------ Collected data

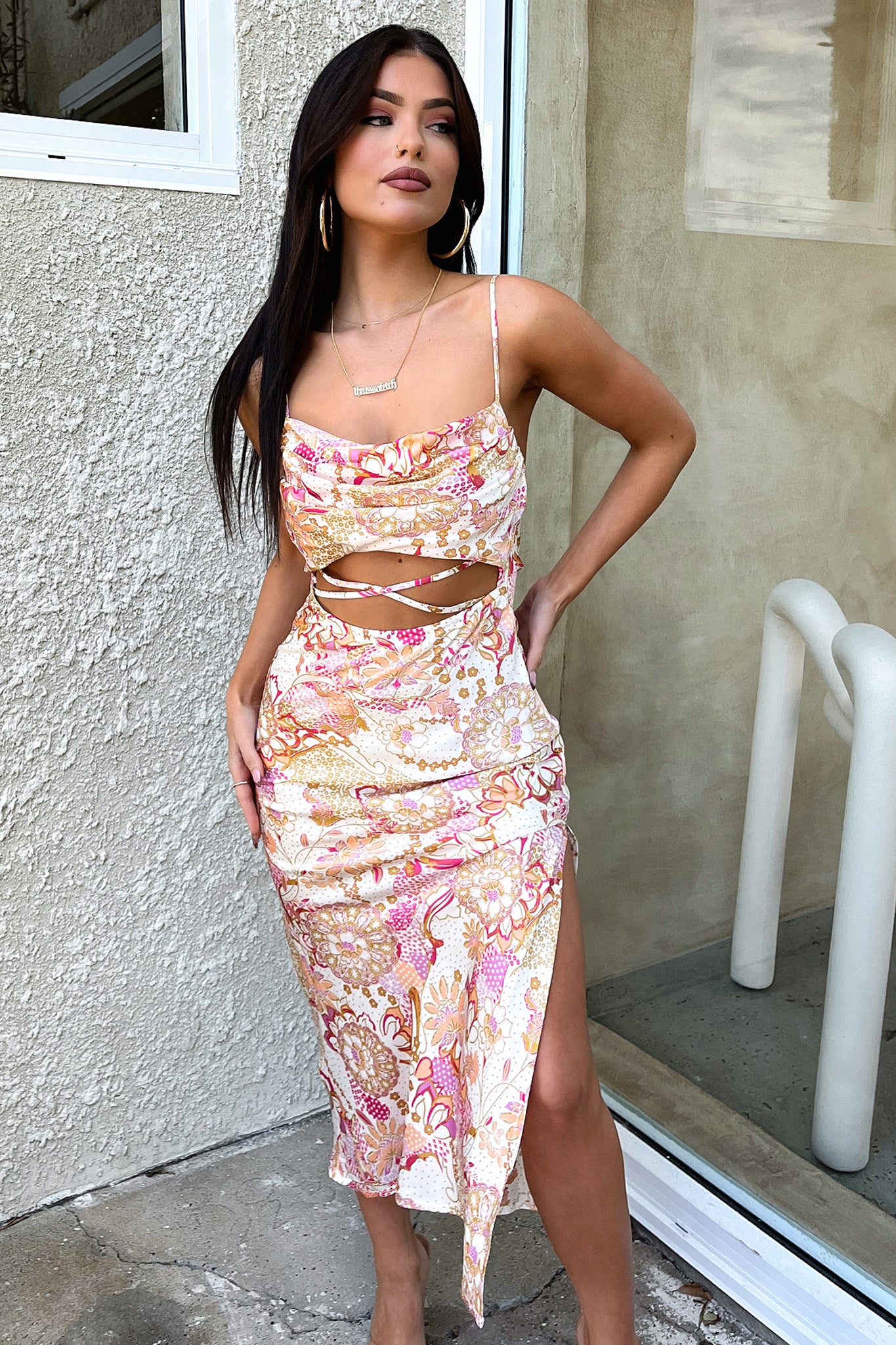 Florence Midi Dress - Pink Floral-Coutiqo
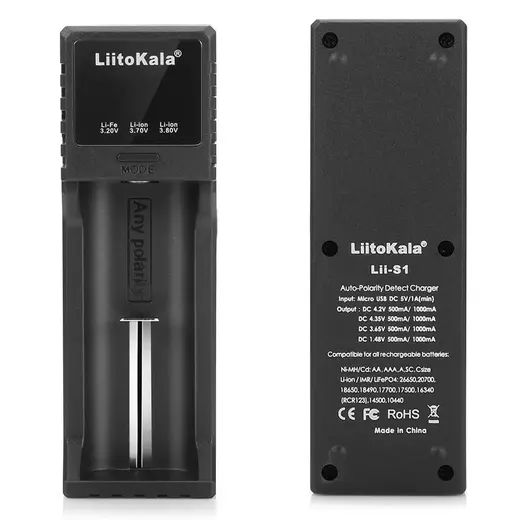 LIITOKALA LII-S1 UNİVERSAL AA/AAA/18650/14500/123A AKILLI TEKLİ PİL ŞARJ CİHAZI ALETİ alternatif görünüm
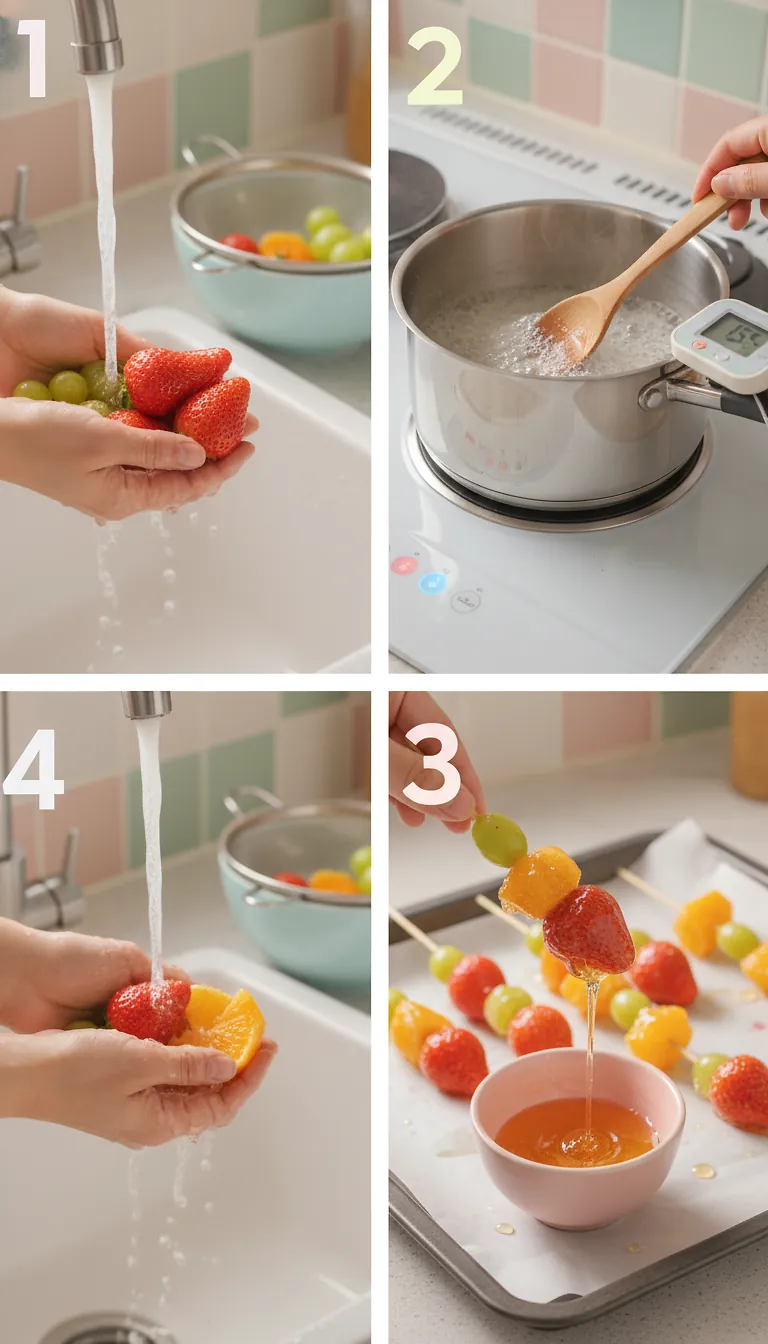 Step-by-Step High Heat Execution for Tanghulu Recipe (Candied Fruits)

------------

Assignment: Without the pictures, output the full listing exactly as it stands.

Reply:
 Florence Midi Dress - Pink Floral-Coutiqo
 LIITOKALA LII-S1 UNİVERSAL AA/AAA/18650/14500/123A AKILLI TEKLİ PİL ŞARJ CİHAZI ALETİ alternatif görünüm
 Step-by-Step High Heat Execution for Tanghulu Recipe (Candied Fruits)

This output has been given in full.